Your assignment: Begin the copy at the line that contains "Invicta Men's 21640", end it at the last line of the entries below, keep every word exact, and include no pictures.

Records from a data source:
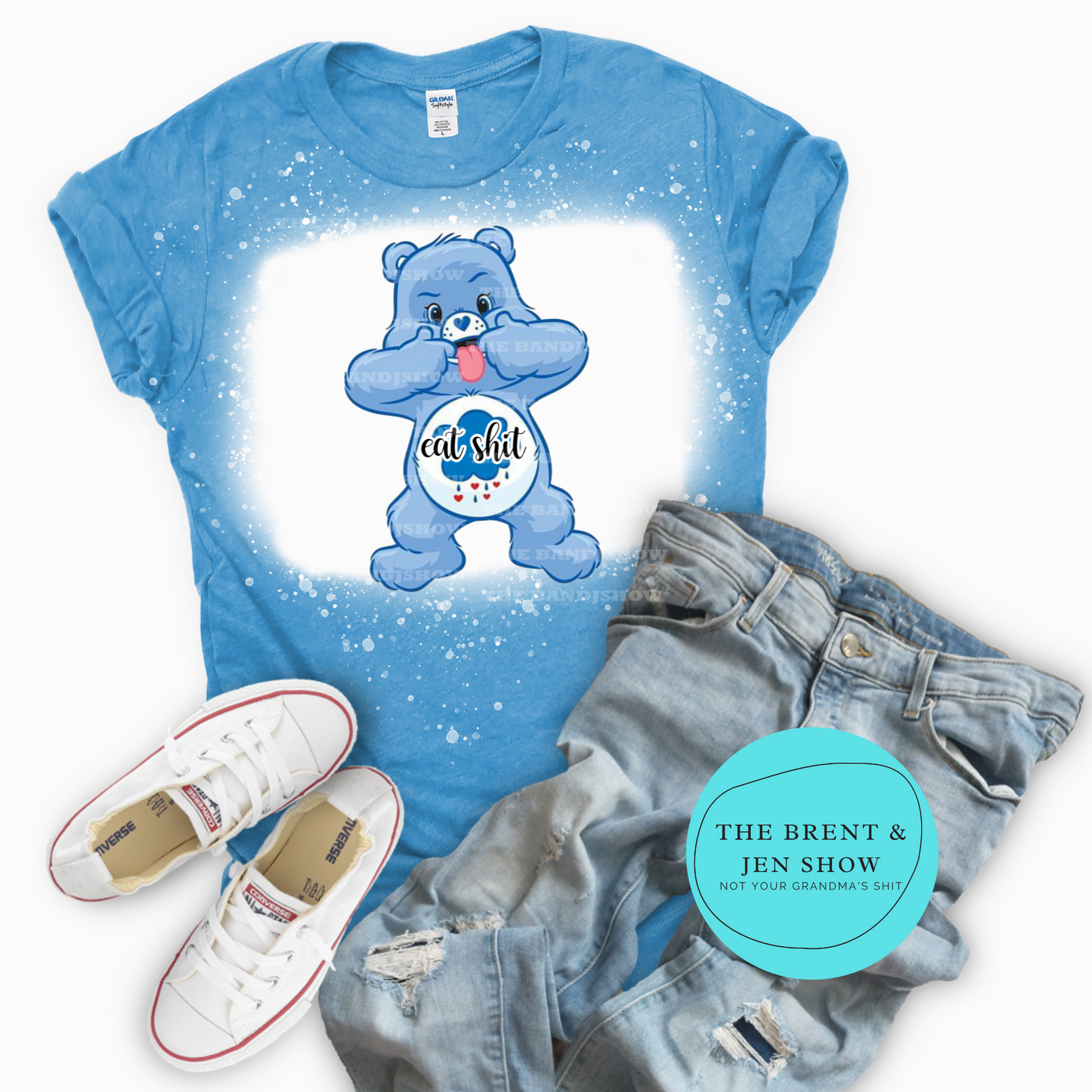 Blue Swear Bear T-Shirt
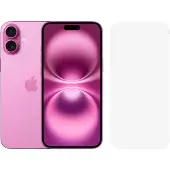 Apple iPhone 16 Plus 256GB Roze + BlueBuilt Screenprotector Glas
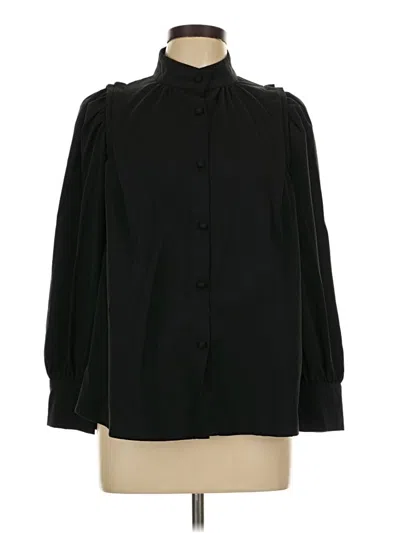 Pre-owned Dazy Long Sleeve Blouse In Black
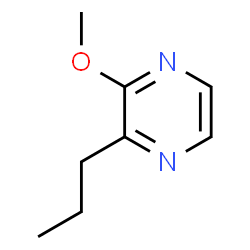 ChemSpider 2D Image | 2-Methoxy-3-propylpyrazine | C8H12N2O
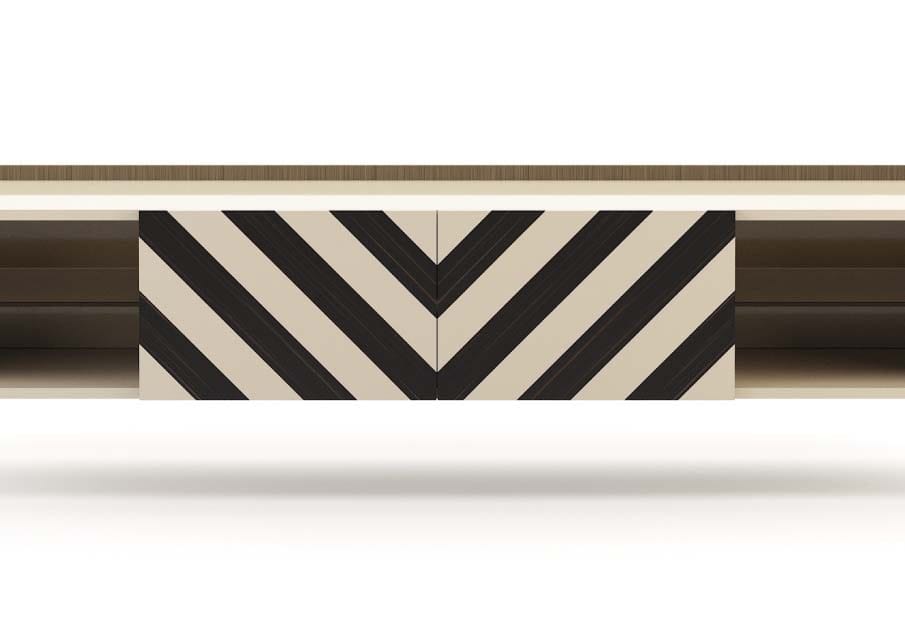 Деревянный шкаф для телевизора с распашными дверцами Stylish Club His &amp ARCH-00121988 - Вид №4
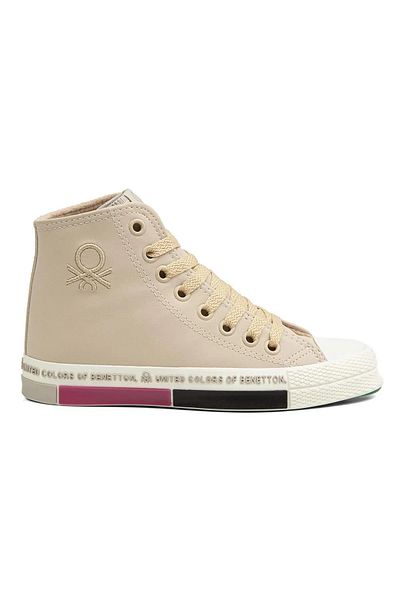 Benetton Bn-30730 Converse lung bej pentru femei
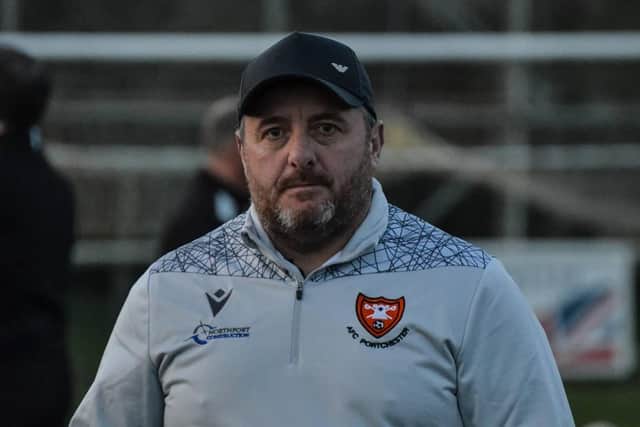 AFC Portchester boss Dave Carter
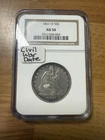 1861-O Seated Liberty Half Dollar  NGC  AU50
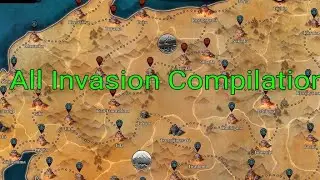 Great Conqueror 2 Shogun ALL INVASION Compilation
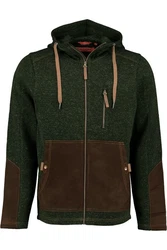 Tom Collins Outdoorjacke Strickfleecejacke SERENO anthrazit/trachtengrn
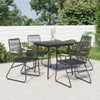 Schwarze Gartenstühle Lidiu 58x59x85,5cm (4 Stück PVC Rattan)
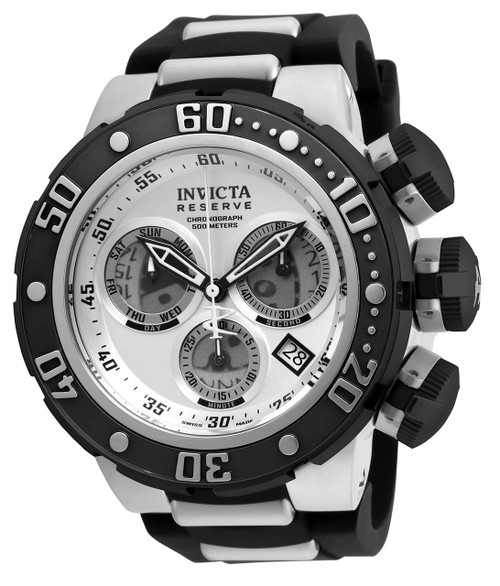 Invicta Men's 21640 Reserve Quartz Chronograph Silver, Grey Dial Watch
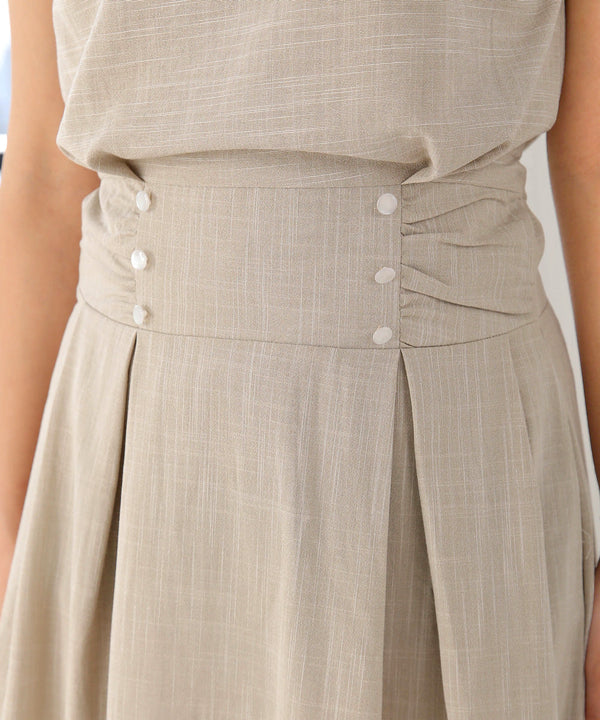 セットアップ風フレアワンピース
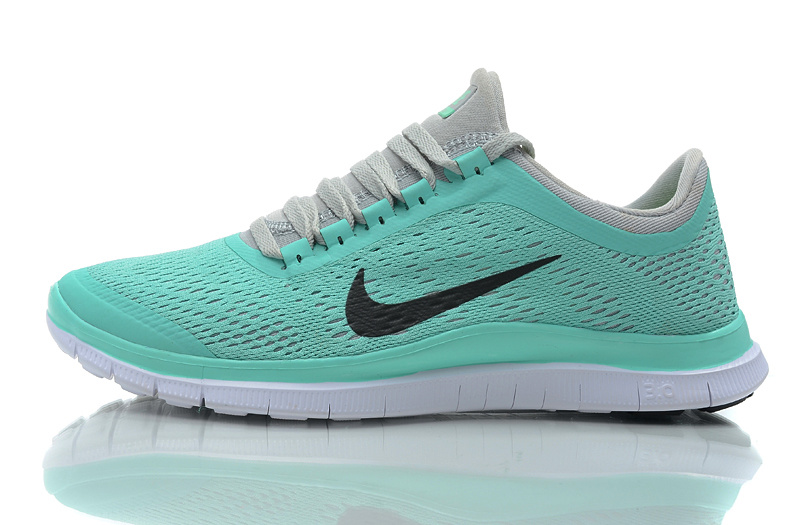 Women Nike Free 3.0 V5 Green Grey Running Shoes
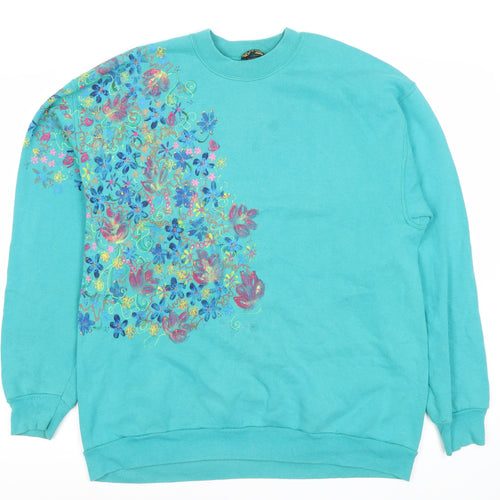 Custom Bears Blue Floral Sweatshirt Unisex S Pullover Embroidered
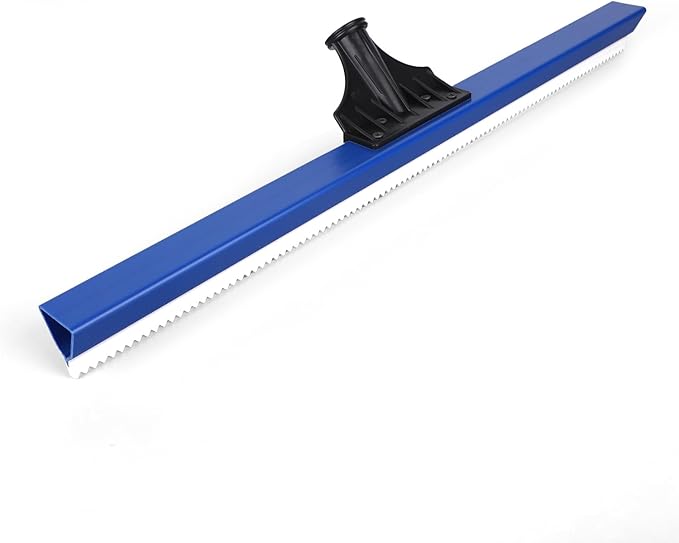 23.6in/60cm Epoxy Squeegee with 0.16in/0.4cm Notched Teeth, Floor Squeegee for Self Leveling Cement Urethane Epoxy Floor Tool for Garage Driveway Wall Applications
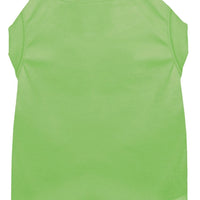 Mirage Pet 50-01 XXLLMG Plain Pet Shirts  Lime Green - 2XL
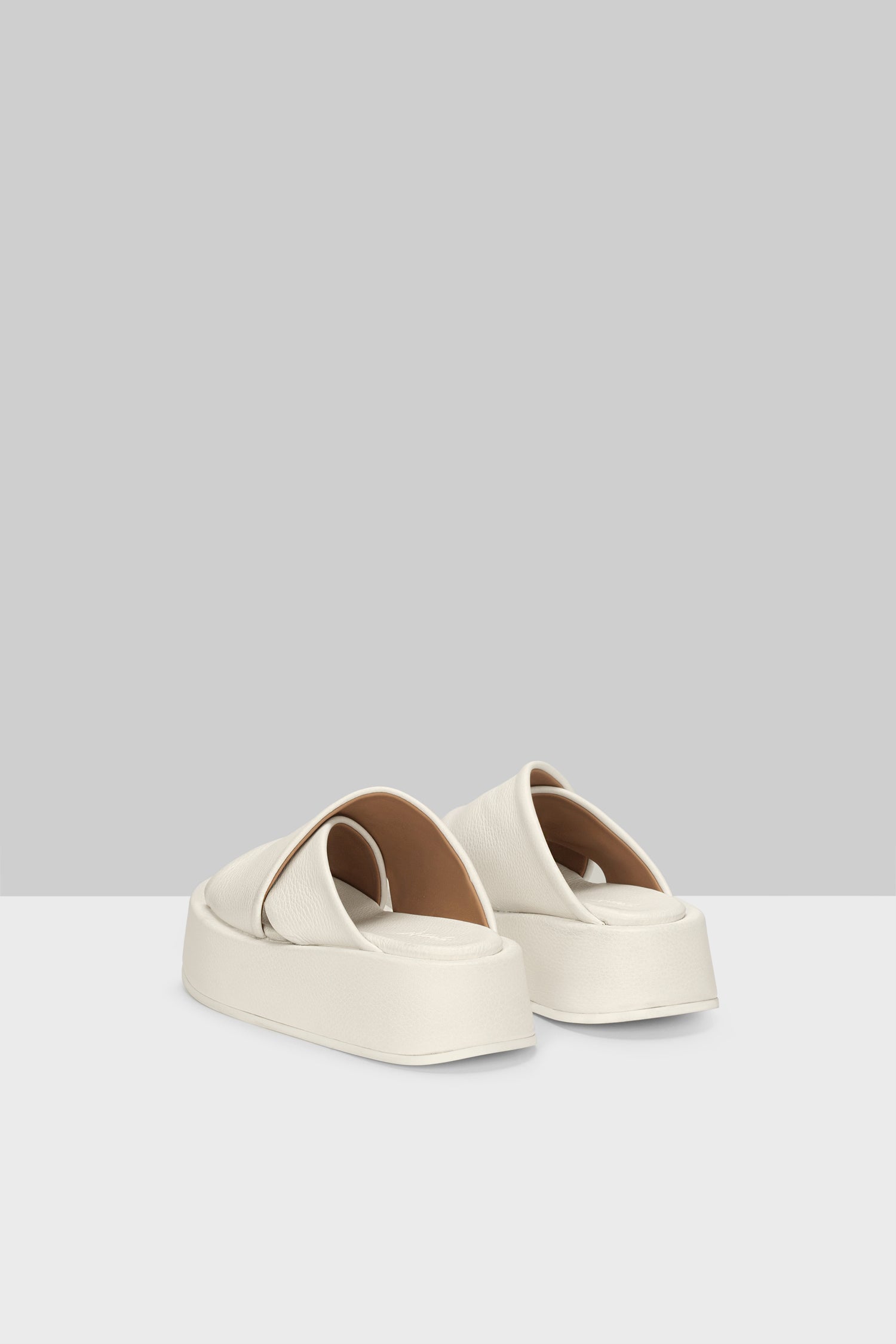 MARSÈLL Piattaforma Leather Sandal in Ivory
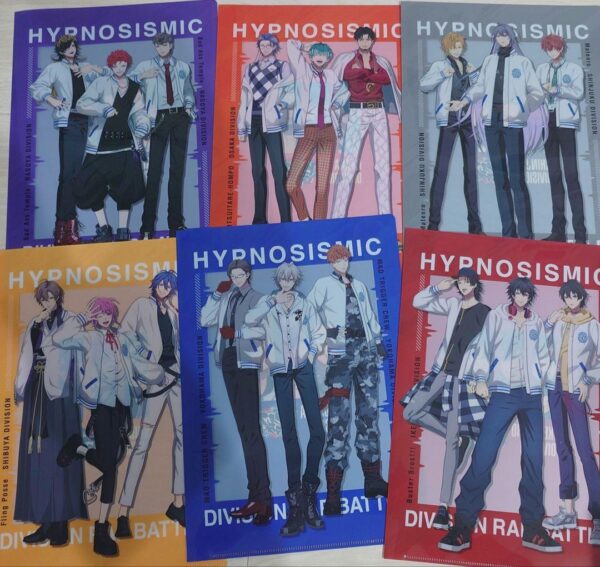 Hypnosis Microphone Clear Files 6 Types F/S-M501 from japan Rare  Good condition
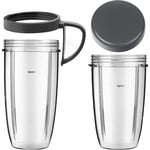 Cup Mug Jug Handle Rim Lid for NUTRIBULLET Blender Juicer 600W 900W 700ml 1L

Your response:
 Invicta Men's 21640 Reserve Quartz Chronograph Silver, Grey Dial Watch
 セットアップ風フレアワンピース
 Women Nike Free 3.0 V5 Green Grey Running Shoes
 Custom Bears Blue Floral Sweatshirt Unisex S Pullover Embroidered
 23.6in/60cm Epoxy Squeegee with 0.16in/0.4cm Notched Teeth, Floor Squeegee for Self Leveling Cement Urethane Epoxy Floor Tool for Garage Driveway Wall Applications
 Mirage Pet 50-01 XXLLMG Plain Pet Shirts  Lime Green - 2XL
 MARSÈLL Piattaforma Leather Sandal in Ivory
 Hypnosis Microphone Clear Files 6 Types F/S-M501 from japan Rare  Good condition
 Cup Mug Jug Handle Rim Lid for NUTRIBULLET Blender Juicer 600W 900W 700ml 1L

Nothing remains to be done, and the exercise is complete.